Edward Scheer in the dark corridors of Voiceovers

Nalini Malani, India, born 1946, Remembering Toba Tek Singh, 1998 (detail), video installation

Nalini Malani, India, born 1946, Remembering Toba Tek Singh, 1998 (detail), video installation

Black and white video images of an old woman in an uncertain landscape. She wears the standard peasant dress with the scarf worn as a shroud. Close-ups of her eyes mingle with land and water, tears, younger women. Are these images from memory, herself as a younger woman? Is it a testimony to unlived lives?

I don’t know if the old woman played by Joyce Rankin in Louise Drinkwater’s moving electronic remembrance is the real subject of this piece but in a way it’s not the point. It is a piece which generates effects of memory and maybe even a bit of nostalgia and, not surprisingly, made me think of my own grandmother, long gone.

This is a Recording is a votive machine repairing “the web of time” as Chris Marker says in Sans Soleil. It is also a deserving winner of the 5th Guinness Contemporary Art Prize for tertiary art students. The Sydney College of the Arts should be congratulated for producing student work of this quality and maturity.

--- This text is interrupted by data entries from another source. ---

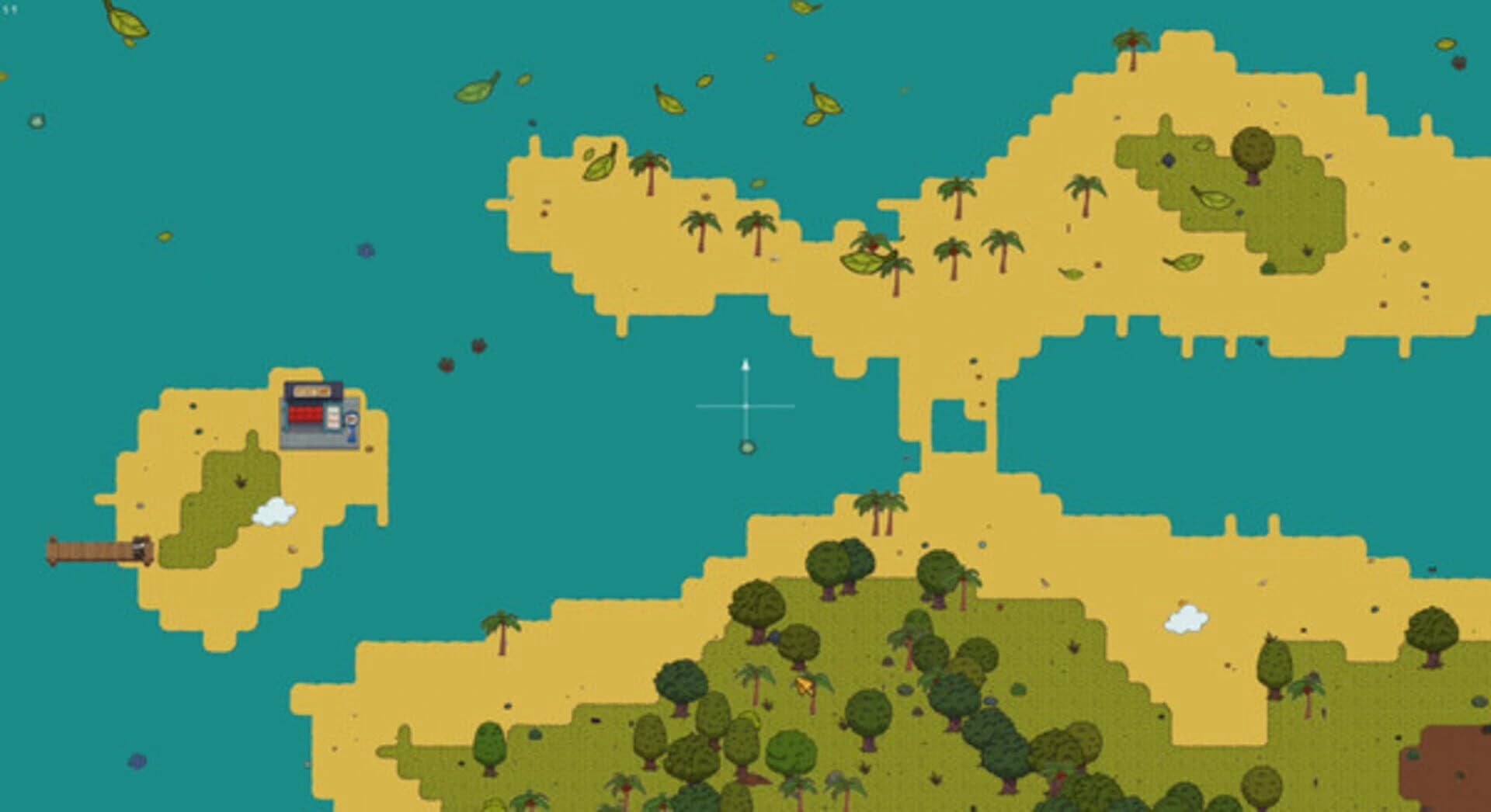 Travel Cat: Adventure Island screenshot 4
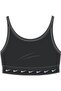 G NK DF NIKE ONE BRA - أسود/(أبيض) - 8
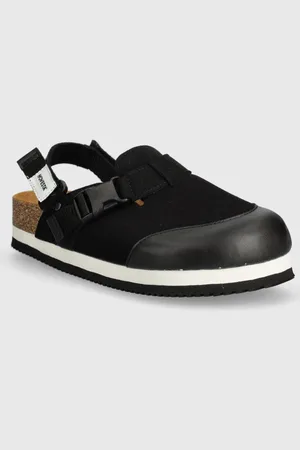 Novesta Ciabatte slide Tatra donna colore N358002-999701BIA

Iconographics: Antidotes to compassion fatigue

The video installations of the 5th Guinness Contemporary Art Project show how powerful good video art can be when it is presented properly. The curatorial focus and integrity of vision here are everywhere in evidence in Voiceovers which presents the work of 4 prominent figures in contemporary video art and suggests that this kind of art has the potential to effect the rescue of our tired media and our exhausted senses and re-humanise aesthetics as an experience of the body.

Nalini Malani’s Remembering Toba Tek Singh uses a triptych of video projections showing images of the atomic bomb blasts at Hiroshima and Nagasaki—the last orgiastic scenes in the final act of mass slaughter which closed WWII—framed by videos of 2 women holding ends of the same sari. In front is a grid of steel trunks containing bolts of cloth and small video monitors showing amongst other things images of the clear blue sky and the act of giving birth. The voiceover mentions bombs called ‘Fat man’ and ‘Little boy’ and the obscene ‘humanisation’ of nuclear war. Malani also notes that ‘Shakti’ (living energy or life force) was the name given to the Indian atomic bomb tests in the 1970s. Her point is, as the voiceover says, that in “using language as an anaesthetic, feeling dies.”

This installation is designed to counter this loss of feeling, to resist the anaesthesia which alienation induces and to act against the destruction which the dominance of military aesthetics (cf. Virilio) renders banal in our culture. The Benjamin resonance is unmistakeable. In Walter Benjamin’s classic essay of 1936, “The Work of Art in the Age of its Mechanical Reproducibility”, he attempts the rescue of both technology and the senses from the fascist aestheticisation of politics and its spectacles of seductive power. He calls for a critical use of technology to counter the crippling “self-alienation” of mankind which he says has “reached such a degree that it can experience its own destruction as an aesthetic pleasure of the first order.” As the smart missiles with cameras attached rained down on Belgrade, who has not participated in this thrill of the destruction of bodies?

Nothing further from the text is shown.